Neredeyse her gün, konu hakkında uzmanlığı olmayan kişiler sosyal medyada ve televizyon kanallarında sağlıkla ilgili beyanlarda bulunuyor. Teyit’in Tandans Veri Bilim Danışmanlığı ile yürüttüğü araştırmadan elde edilen sonuçlar da bunu gösteriyordu. Katılımcılara hangi kaynaklarda yanlış bilgiye rastladıklarını düşündüklerini sorduğumuzda, yüzde 49 “televizyondaki haber programları” seçeneğine yönelmişti. Bu “uzman” enflasyonu, bilgi ekosisteminin refahı için tehdit; çünkü bu kadar çok, karmaşık ve teknik bilgiyi işlememiz ve sindirmemiz olası değil. 

Peki bu neden bir sorun: Çünkü bilgi karar demek. Yığın halindeki, karmaşık, teknik, yalan yanlış bilgi, komplo teorisi ya da basite indirgenmiş açıklamalardan beslenen sağlık kararlarının maliyeti ağır olabiliyor. 

Bir örnek: Yanlış bilgi, sahte bir güvenlik duygusunun oluşmasına sebep olabilir. “Her gün sarımsak suyu içiyorum” ya da “Zaten nezle olanlar Covid-19 olmuyormuş” bilgisinden yola çıkarak önlemlere riayet etmezseniz, hem kendinizi hem de etrafınızdakileri tehlikeye atabilirsiniz. Yanlış bilgi zarar da verebilir: Salgının ilk dönemlerinde Çin’de bir kadın Covid-19’a iyi geldiğini düşündüğü için 1,5 kilo sarımsak yemiş ve hastanelik olmuştu.

Ama sağlıkla ilgili yanlış bilginin maliyetini bu kadar somut bir şekilde ölçmek her zaman mümkün olmuyor. Kaç kişi yanlış bilgiden yola çıkarak tedbirlerden uzaklaştı, tespit etmek zor. 

Yanlış bilginin kaçınılmaz sonu: Kutuplaşma ve ayrımcılık

Bilgi ve medya ekosisteminde infodeminin hakim olmasının tahrip ettiği tek alan halk sağlığı değil. Toplumun herhangi bir tartışmada iki zıt kutba bölünme eğilimi, kriz dönemlerinde daha iyi karşılık bulabiliyor. Biz ve onlar, Avrupalılar ve Asyalılar, iktidar yanlıları ve muhalifler, küreselciler ve yerelciler ve daha birçoğu. Bu dikotomik yarılmalar, salgın gibi belirsizliğin hüküm sürdüğü kriz dönemlerinde, boşlukta savrulmak yerine, bir yere, bir açıklamaya aidiyet hissi teklif ediyor.  

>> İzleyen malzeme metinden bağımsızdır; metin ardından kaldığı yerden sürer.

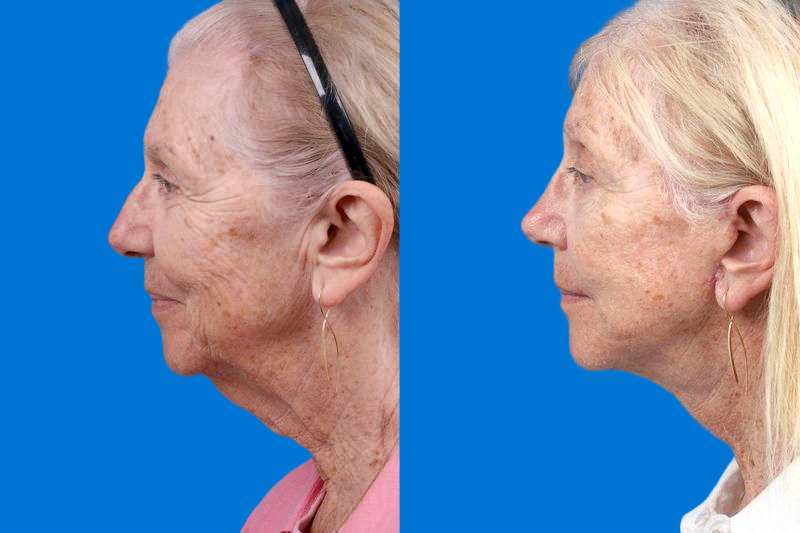 Nasolabial Folds Before & After Gallery - Patient 249393 - Image 5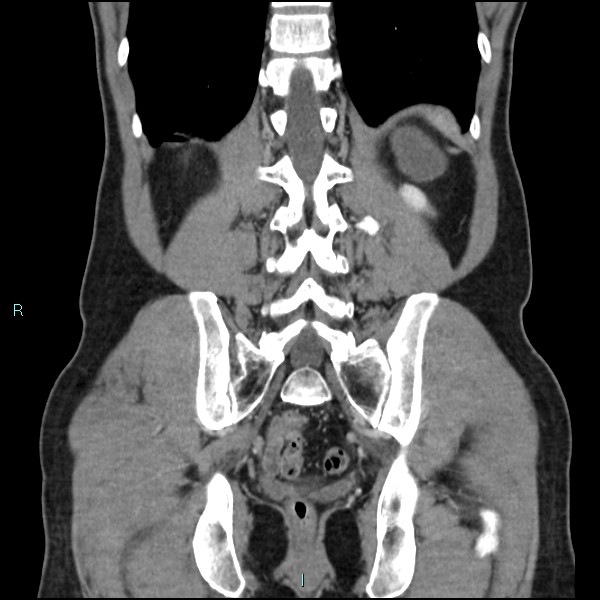 Adrenal cystic lymphangioma (Radiopaedia 83161-97534 Coronal C+ portal venous phase 58).jpg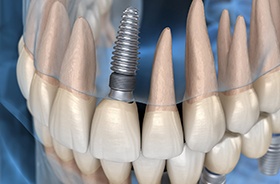 X-ray diagram showing dental implants in Buzzards Bay after placement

Örneğin virüsün nerede ve nasıl türediğiyle ilgili belirsizlikte filizlenen komplo teorilerinin bilgi ekosisteminde yer etmesi, Asyalı, özellikle de Çinlilere karşı topyekün bir nefreti besleyebiliyor. Siyasi liderlerin şüpheli ya da yanlış bilgileri yaygınlaştırması, infodeminin küresel bir kutuplaşma ve ayrımcılığa yakıt olmasına neden olabiliyor. Eski ABD Başkanı Donald Trump’ın kullandığı “kung-flu” ya da “Çin virüsü” gibi ifadeleri anımsayın.

Pandemiyle mücadele ettiğimiz şu günlerde, fiziki ve ruhsal refahımız için sade, anlaşılır ve dozunda bilgi kafi. Haliyle bize bunu sunabilecek bir bilgi ve medya ekosistemine ihtiyacımız var. Sosyal medya platformları, medya kuruluşları ve tek tek bireylerden, doğru ve bu niteliklere sahip bilgiyi önümüze düşürmelerini talep etmek hakkımız. Doğru bilginin peşine düşmek, şüphe kasımızı çalıştırmaksa sorumluluğumuz.